Varese

Varese per Civati tira le somme: candidato in campo, ora guardiamo all’8 dicembre

civati pippoCon il voto che si è concluso domenica 17, è terminata la consultazione interna ai circoli. Una esperienza preziosa per recepire il malcontento di chi spende molto tempo per il bene del PD. Ora lo sguardo è tutto rivolto alla giornata dell’ 8 dicembre, dove a partecipare alla scelta del segretario nazionale del Partito Democratico, saranno gli iscritti ma anche gli elettori. Elettori (forse ex tesserati, ex militanti) che in questi anni, delusi dal modo di condurre il nostro partito hanno rivolto lo sguardo altrove.

“Il voto nei circoli di questa settimana è stata una buona prova di partecipazione e il risultato conseguito dalla mozione Civati ripaga gli sforzi fatti”, dichiarano i componenti del gruppo che sostiene la candidatura di Giuseppe Civati (nella foto) alla segreteria nazionale del Partito Democratico.

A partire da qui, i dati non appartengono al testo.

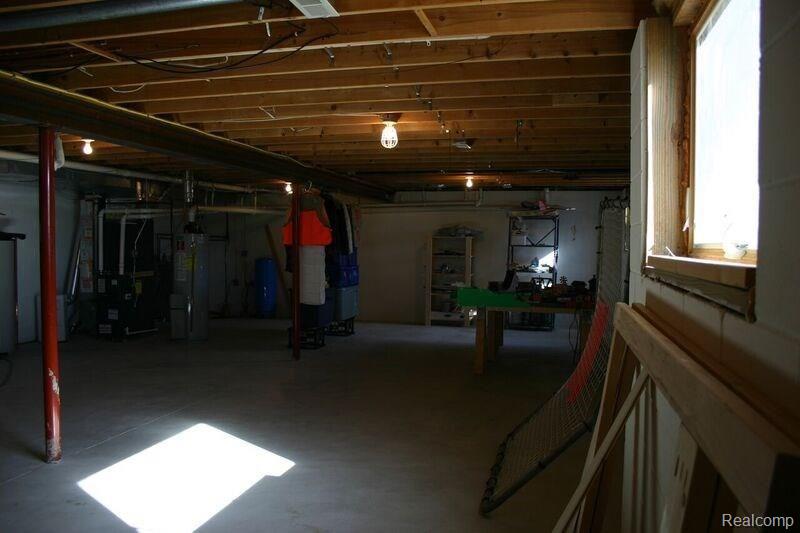 5021 Stewart Road Lapeer, MI 48446 - Photo 44 of 49 5021 Stewart Basement #1.jpg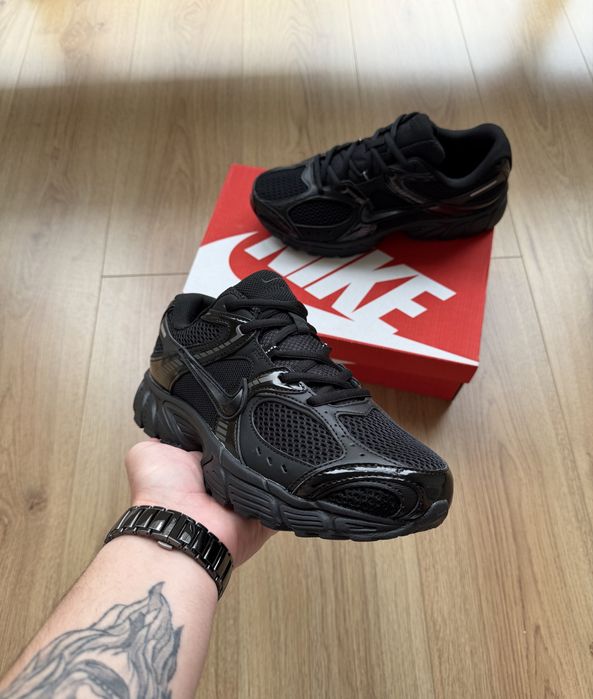 Nike V5 RNR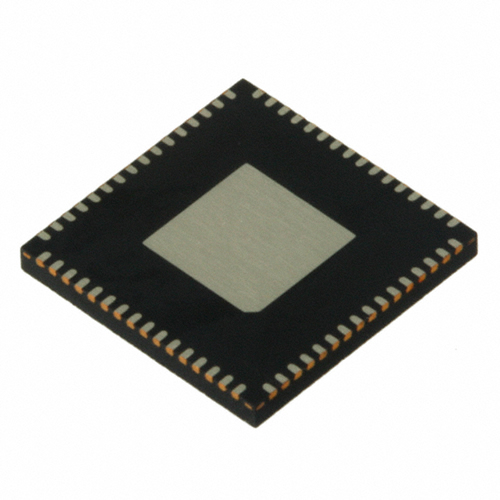 ADS6443IRGCTG4Texas Instruments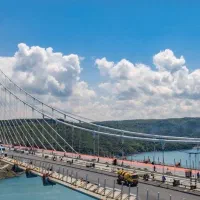 تور داخلی و خارجی اقساط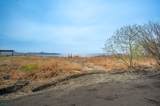  Miramar Lot 11 - Mar Vista - Photo 18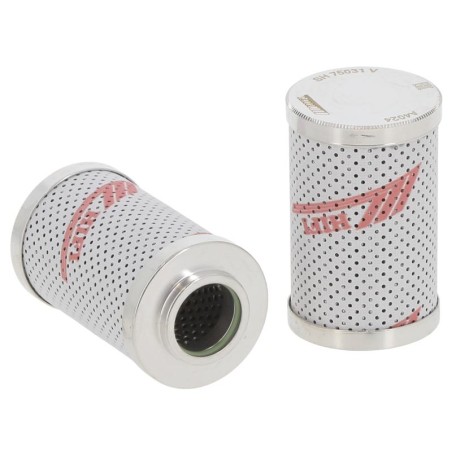 Hifi SH75031V HYDRAULIC FILTER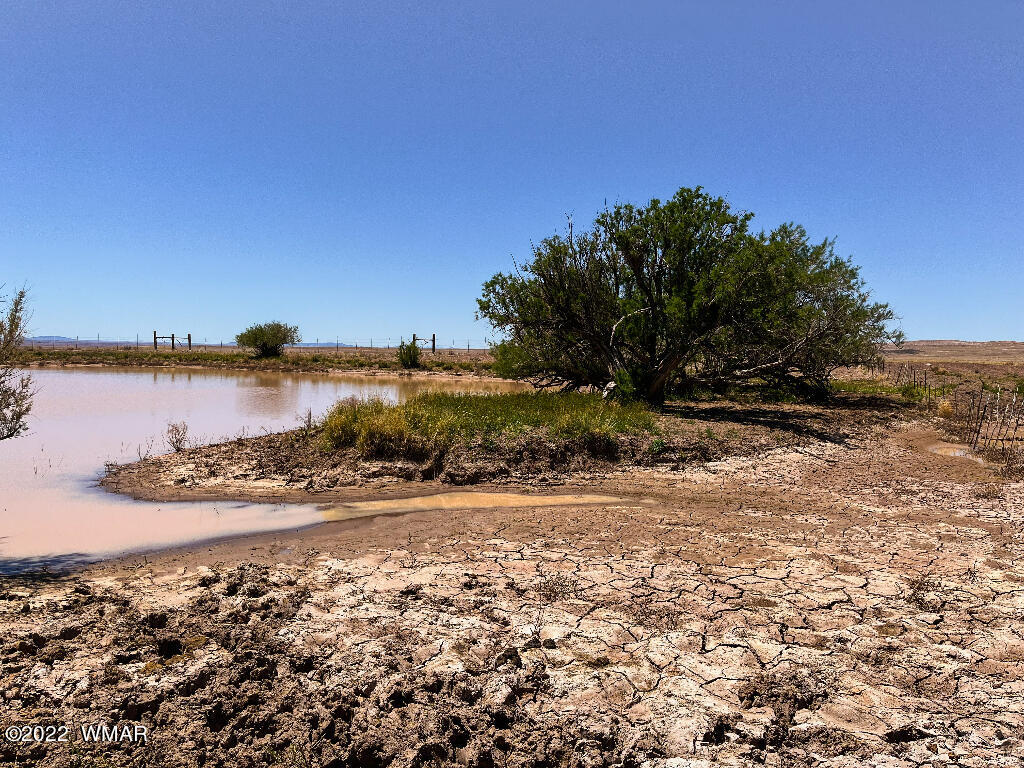4001 North Porter Road Joseph City, AZ 86032 - Photo 2 of 18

“E’ stato un bel momento di discussione e confronto – continuano i civatiani varesini –, con un unico neo: non siamo riusciti come Partito a mobilitare e a portare al voto tutti coloro che si sono espressi, pochi giorni fa, per l’elezione del Segretario provinciale”. Al voto, infatti, si sono presentanti più o meno i due terzi di coloro che si sono recati nei circoli per il Congresso Provinciale. “Questo è uno dei motivi per i quali è necessario allargare la partecipazione, anche attraverso forme nuove. Le primarie rimangono perciò uno strumento fondamentale, e ci auguriamo che l’8 dicembre sia proprio il popolo delle primarie ad indicarci la strada per ricostruire il centrosinistra come lo abbiamo sempre immaginato, da Prodi a Rodotà, votando Giuseppe Civati”.

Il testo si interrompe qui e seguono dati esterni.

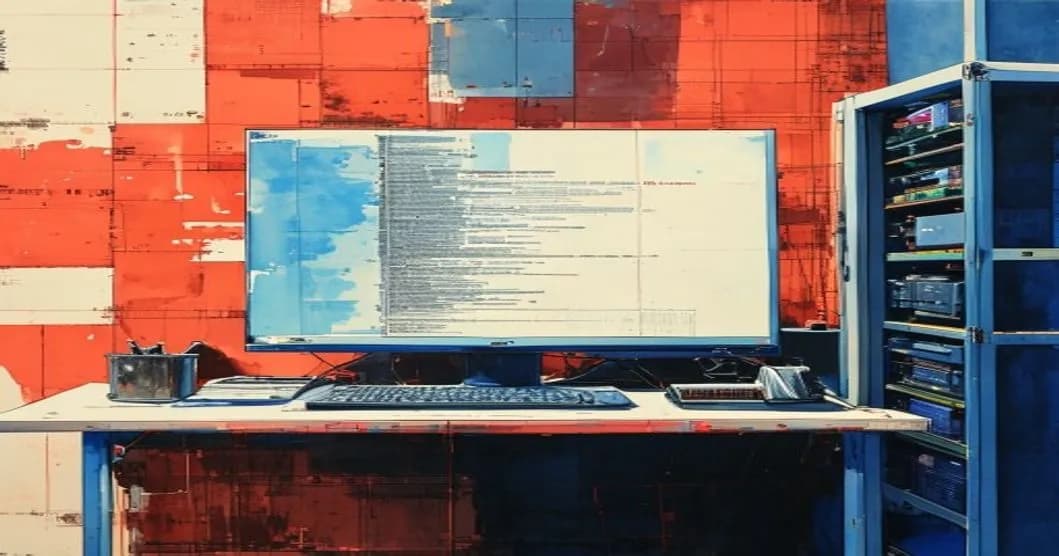 cuTile Rust یک DSL ایمن مبتنی بر کاشی برای برنامهنویسی هسته به زبان Rust است که API ایمن میزبان برای ارسال تنسورها به توابع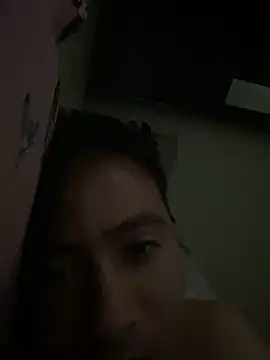 david9 2003 online show from 03-05-26, 04:19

“Nonostante ciò – proseguono – questo percorso tra gli iscritti è uno di quei momenti che vorremmo si verificassero anche tra una primaria e l’altra, perché la grandezza del Partito Democratico deve essere proprio questa: incontrarsi, ritrovarsi, discutere, scegliere. Colmando silenzi da parte dei vertici, a tratti imbarazzanti; ristabilire un flusso di opinioni e informazioni, che a detta di molte era il comune denominatore dei partiti che c’erano prima, e tornare a casa con un pensiero e una speranza in più”.

I Civatiani della provincia di Varese hanno deciso di raccontare quello che, in questa settimana, hanno ascoltato: le parole degli iscritti, le critiche, il Partito che vogliamo. “Sul nostro blog (www.varesepercivati.wordpress.com) le tante persone che hanno presentato la mozione di Giuseppe Civati stanno raccontando quel che hanno ascoltato e quel che hanno vissuto: si tratta in tutti i casi di esperienze costruttive, che raccontano come il Partito Democratico possa contare ancora sulle energie dei suoi iscritti”.